┌──
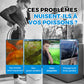 🐠 Filtre d'aquarium 5-en-1 – Fini l'eau trouble et les déchets au fond – Filtration 3 couches, débit réglable, ultra-silencieux 36 dB – Idéal pour aquarium 450–2450 L/h 💧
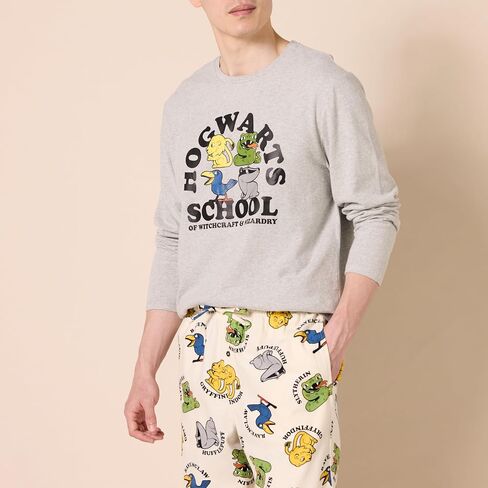 Amazon Essentials Harry Potter Men's Flannel Pajama Sleep Sets in Saudi Arabia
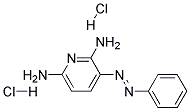 3-PHENYLAZO-2,6-PYRIDINEDIAMINEDIHYDROCHLORIDE Struktur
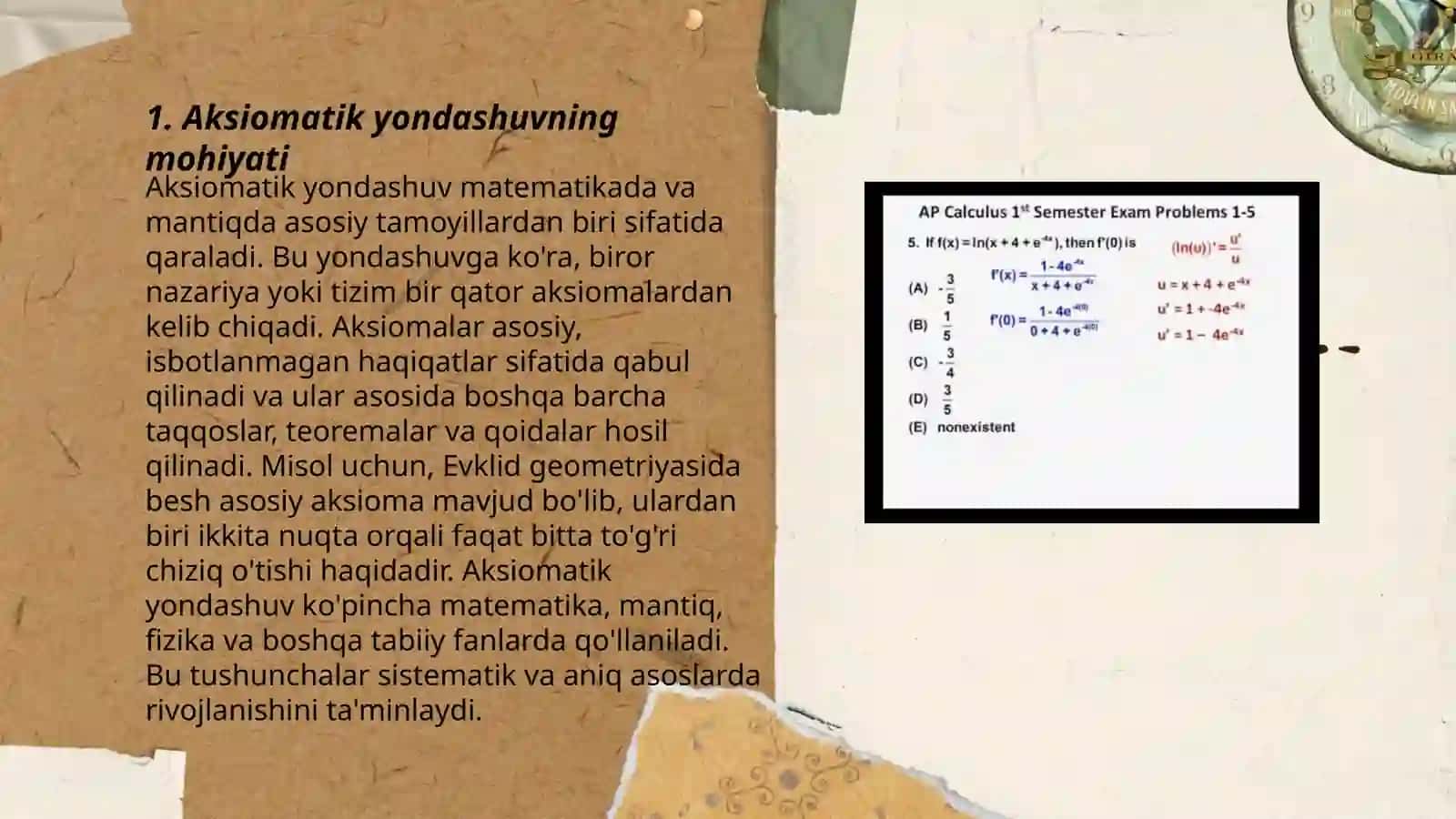 Aksiomatik yondashuvning mohiyati 3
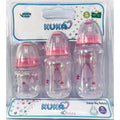 KUKA SET 3 MAMADERAS NATURAL ORTO ROSA 631527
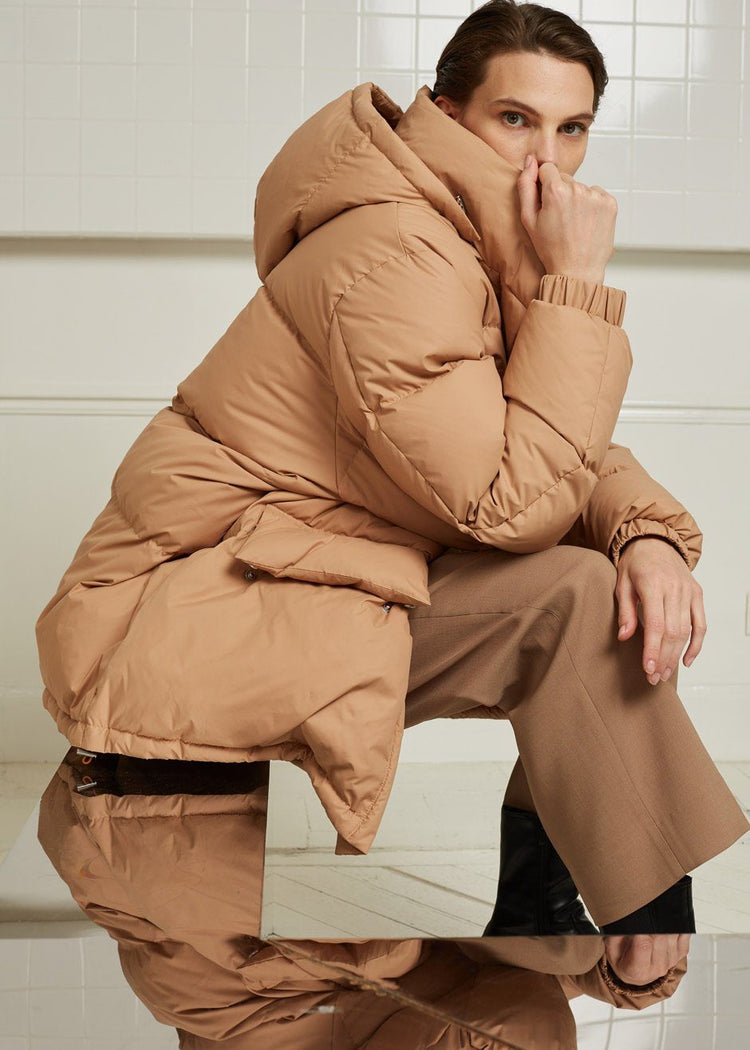 Tignes Long Puffer - Dijon Coat The Frankie Shop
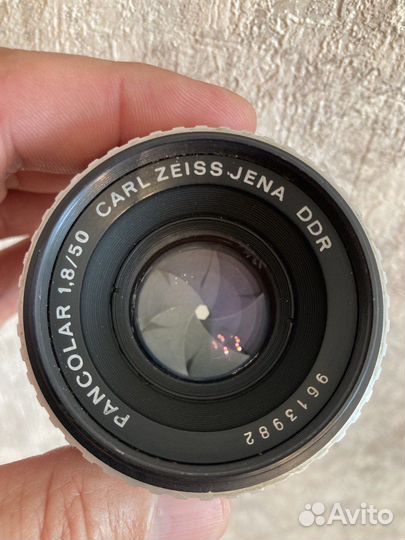 Объектив Carl Zeiss Pancolar 1.8/50, бленда,фильтр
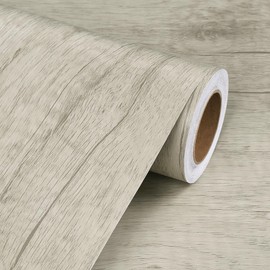 Livelynine Peel and Stick Light Wood Contact Paper for Countertops Waterproof Kitchen Counter Top Covers Cabinet Wallpaper Natural Wood Grain Vinyl Wrap Countertop Self Adhesive Covering15.8x78.8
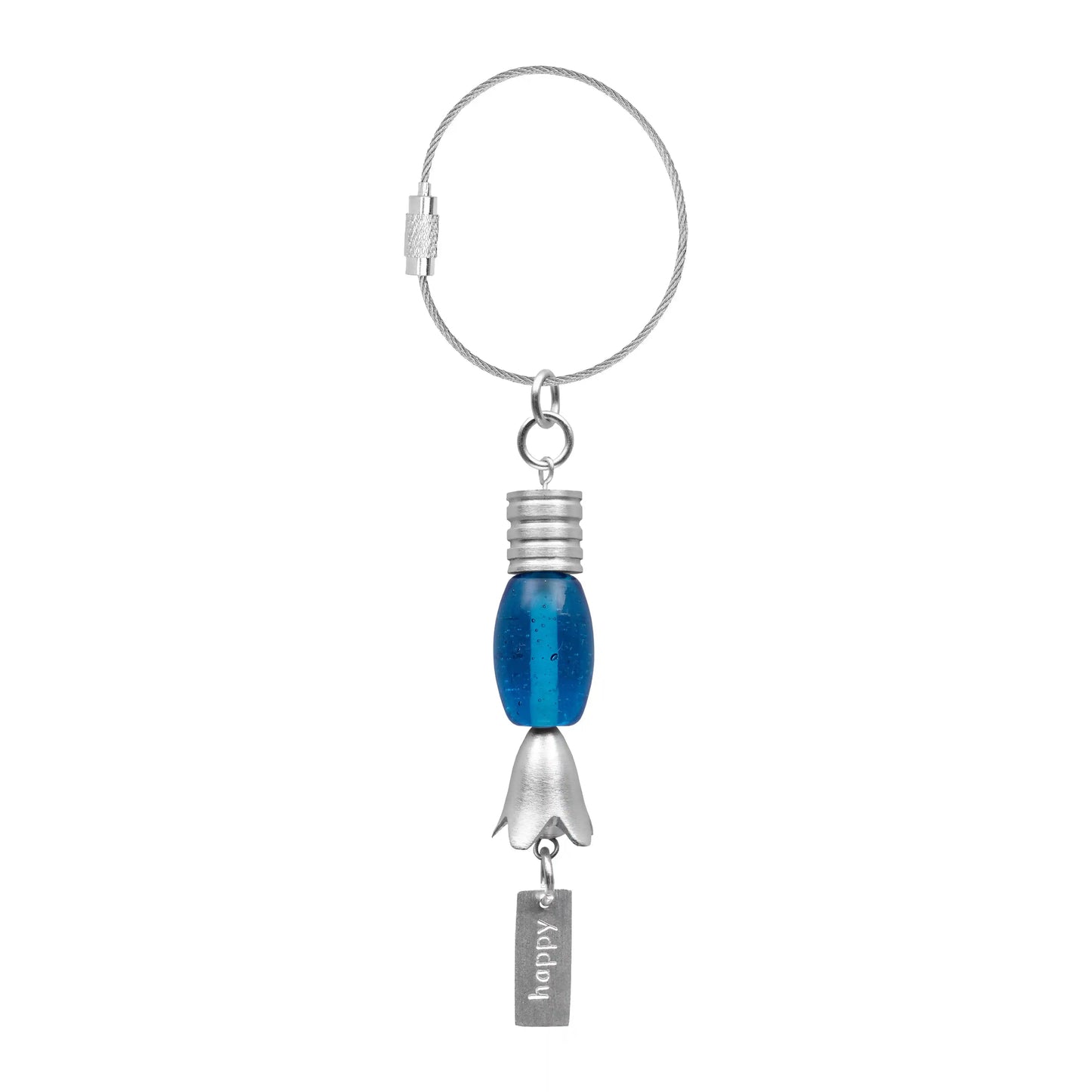 ILLUMEA Oceans Kiss Key Chain Handmade Lucky Charm with Glass Bead - ILLUMEAKey Chain
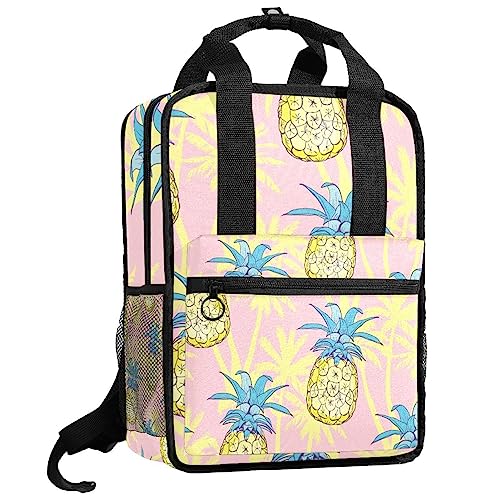 Sac à dos enfants ananas coloré pour l'école et les vacances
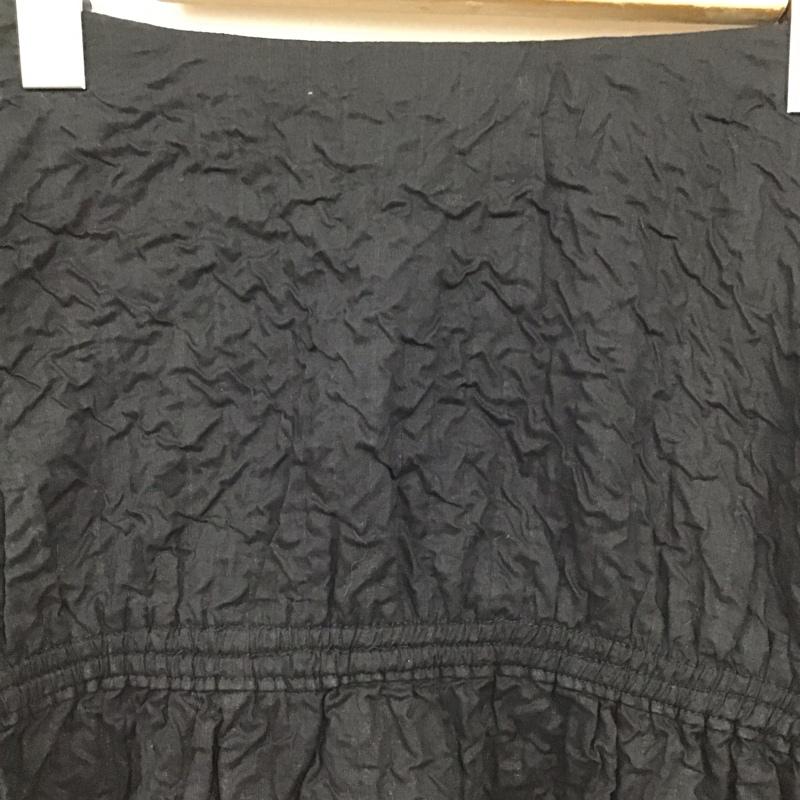 ミラオーウェン Mila Owen スカート ロングスカート ロングスカート フレアスカート カジュアルスカート 0 無地 黒 / ブラック / black レディース USED 古着 中古 10151392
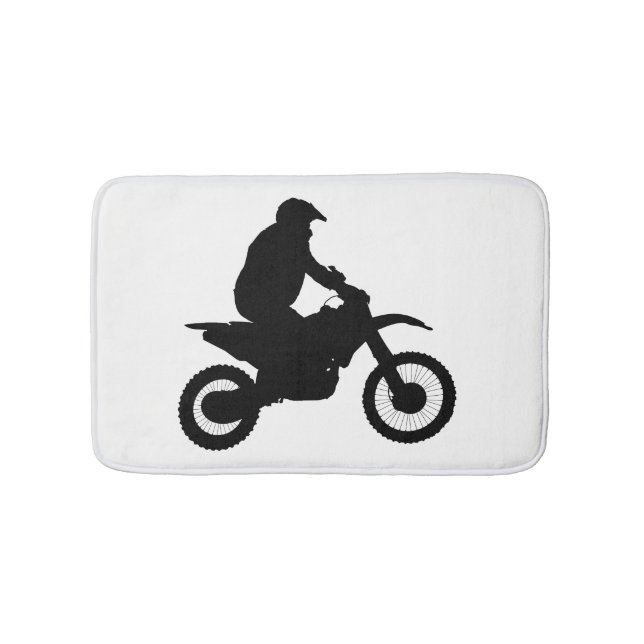 Motocross Silhouette Bathroom Mat (Front)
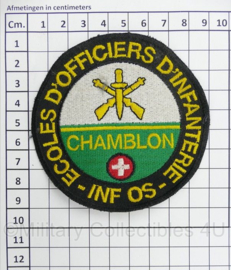 Franse leger Les écoles d'officiers d'infanterie de Chamblon embleem - diameter 9 cm - origineel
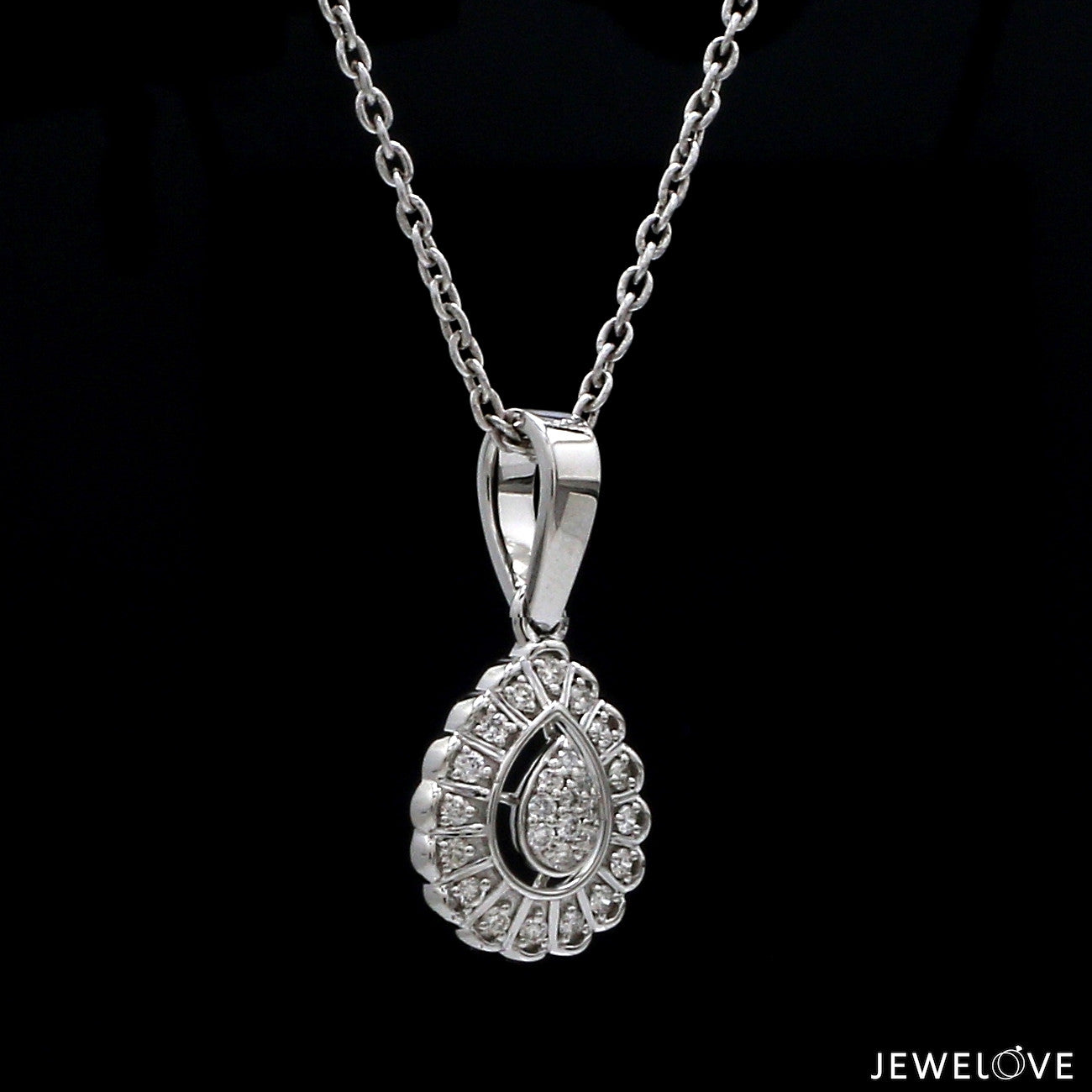 Platinum with Diamond Pendant Set for Women JL PT P 2448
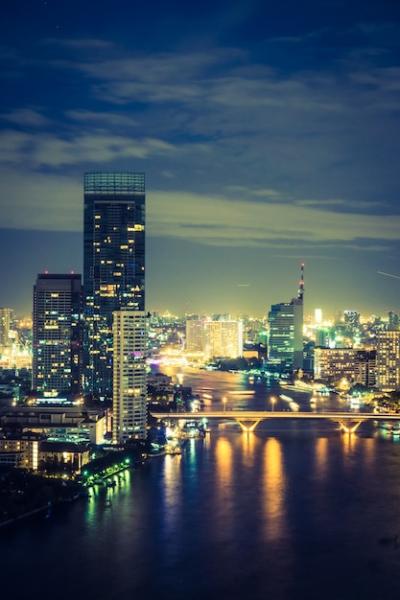 Bangkok City at Night – Free to Download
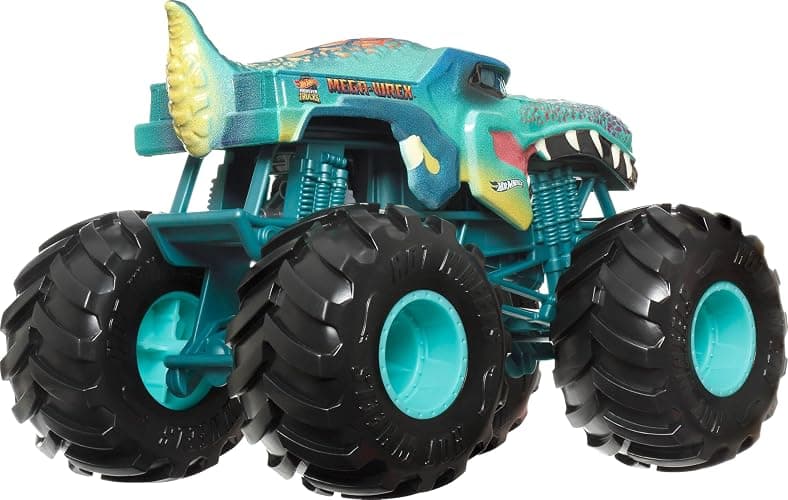 Hot Wheels Monster Trucks, Oversized Monster Truck, 1:24 Scale Die-Cast Toy Truck with Giant Wheels and Cool Designs thumbnail 2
└──
> TASK TO CARRY OUT
Every line from the first line of the entries above through the line with "KUKA SET 3 MAMADERAS" must be repeated exactly, and pictures must not be.

> REPLY
 🐠 Filtre d'aquarium 5-en-1 – Fini l'eau trouble et les déchets au fond – Filtration 3 couches, débit réglable, ultra-silencieux 36 dB – Idéal pour aquarium 450–2450 L/h 💧
 Amazon Essentials Harry Potter Men's Flannel Pajama Sleep Sets in Saudi Arabia
 3-PHENYLAZO-2,6-PYRIDINEDIAMINEDIHYDROCHLORIDE Struktur
 Aksiomatik yondashuvning mohiyati 3
 KUKA SET 3 MAMADERAS NATURAL ORTO ROSA 631527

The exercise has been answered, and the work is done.